Speakers linked the deaths to a broader culture of dehumanization. Mohammed Salih, a senior public health science major, said, “When the victim is Black, there’s no outrage. People don’t necessarily feel the need to go out.” He added, “The dehumanization in itself means violence against Black people is normal, and that they’re consistently dehumanized.” Divine Masumbe, a sophomore in the letters and sciences program, reflected on missed opportunities for larger-scale protest, saying, “For Keith Porter, I think even if there was such a backlash, perhaps the deaths of Renee Good or Alex Pretti or any of the other victims could have been prevented because… hopefully [we] would have seen general strikes or big protests or something like that.”
University alum Noah Chang closed the program by framing silence as complicity. “Turning a blind eye to state-sanctioned violence that causes harm to communities enables white supremacy,” they said. “If you are here, it probably means that you are fed up with lies,” Chang added. “The truth is calling us, not only for our grief, but for our action.”

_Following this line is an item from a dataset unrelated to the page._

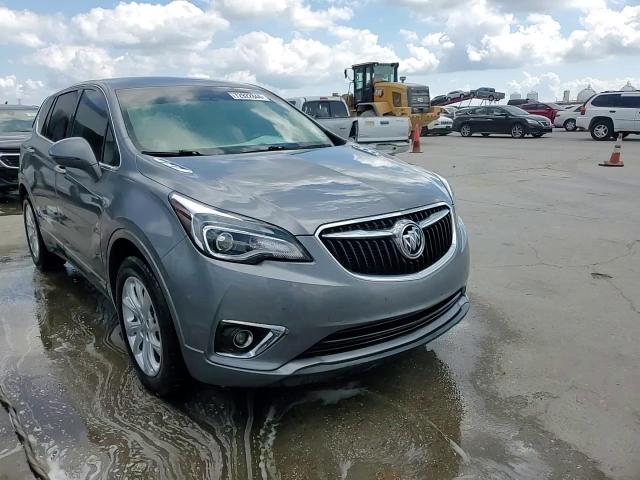 2020 Buick Envision Preferred VIN: LRBFXBSA7LD210372 Lot: 72922844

Organizers placed the vigil within a national context of deaths related to federal immigration enforcement: The Guardian has reported that at least eight people have been killed by federal agents or have died in ICE custody so far this year and that 2025 was the agency’s deadliest year in more than two decades, with 32 deaths in ICE custody attributed to causes including heart failure, respiratory failure, stroke, tuberculosis or suicide.
For residents of Prince George’s County and the UMD community, the vigil underscores ongoing public health and equity concerns: grief and trauma from fatal encounters with law enforcement, patterns of racialized media attention, and demands for greater oversight and transparency of federal agencies. Organizers also promoted additional campus actions, including a separate mass vigil by the clocktower on Feb. 12 at 7 p.m., as students and community members plan next steps in accountability and collective mourning.